A la vérité, il n’est pas facile de distinguer la limite exacte, qui sépare l’intelligence et l’instinct, dans les régions intermédiaires, où se diffuse et s’estompe une indécise clarté qui participe de deux foyers. Il y a apparence que nous méconnaissons souvent le rôle de l’instinct. Comme c’est l’intelligence, qui fait après coup le départ de ce qui s’est passé, elle incline à s’attribuer des mérites qu’elle n’a pas eus. L’erreur est d’autant plus facile que l’instinct trace le schéma dans un éclair et donne le premier branle, mais l’intelligence accourt aussitôt pour soutenir le mouvement et se charger des détails. Injuste pour l’instinct, l’intelligence lui cause encore un autre dommage dont les conséquences nous touchent. Elle le gêne et le paralyse. L’instinct redoute son éclat comme certaines fleurs de nos parterres celui du soleil. Il aime l’ombre des régions subliminales de l’âme où il se réfugie, et, quand la pleine lumière l’y vient saisir, il se dissipe et s’évanouit. C’est une force qui se dissout, en prenant conscience d’elle-même.

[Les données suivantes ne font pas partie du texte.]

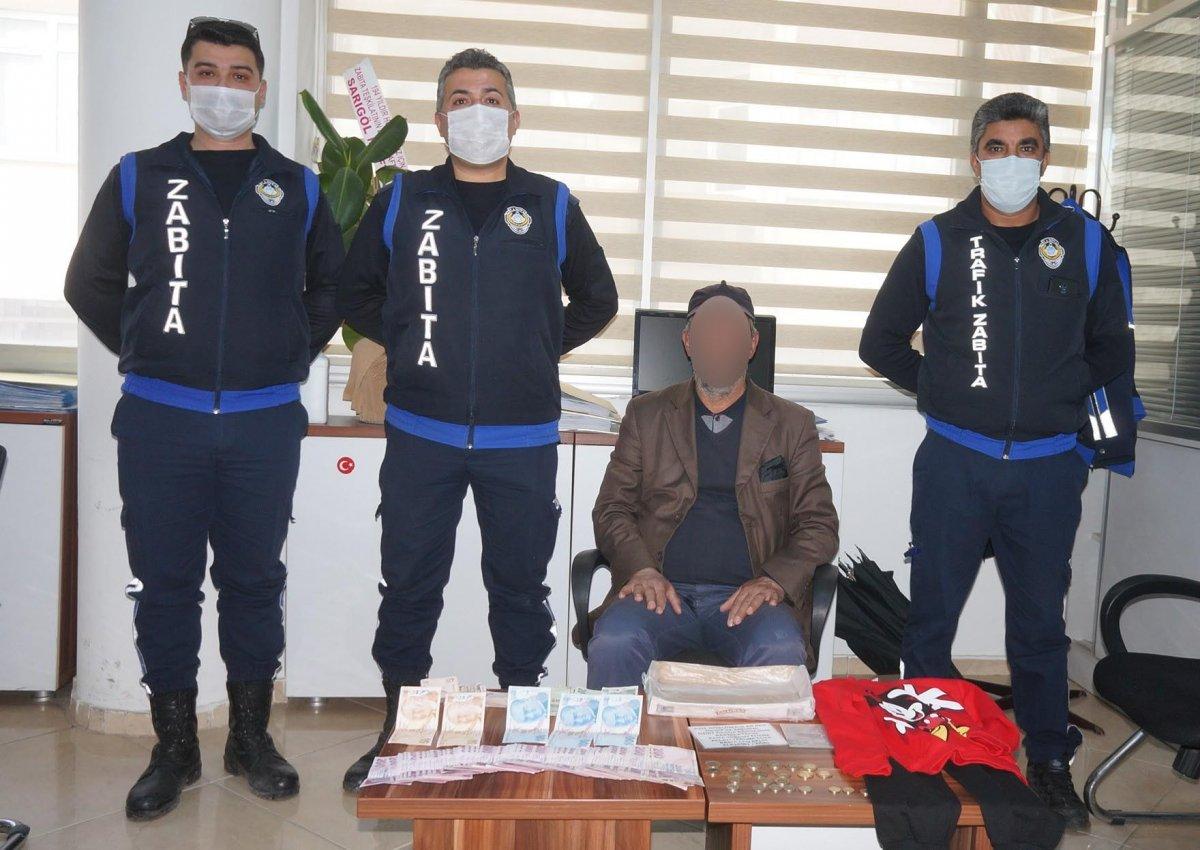 Manisa'da dilencinin üstünden 14 bin lira çıktı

Ainsi meurent sous nos yeux bien des choses où l’optimisme s’était arrêté et concrète pour faire de la vie. Ainsi s’en va peu à peu l’âme paysanne, qui aimait la terre, malgré ses trahisons et la famille nombreuse, malgré ses charges, à mesure qu’on lui apprend de quelles ignorances elle était faite, comme tombe la maîtrise créatrice de l’ouvrier quand on transforme en technique scientifique les tours de main qui lui venaient de son enthousiasme et de sa foi. L’inspiration de l’artiste s’éteint, s’il éclaire d’une lumière trop vive les sources cachées d’où elle jaillissait, et Chantecler ne continue de chanter que parce qu’il continue de croire, malgré la cruelle expérience d’une tendre aventure, que son chant éveille l’Aurore et sera peut-être un jour vainqueur de la nuit.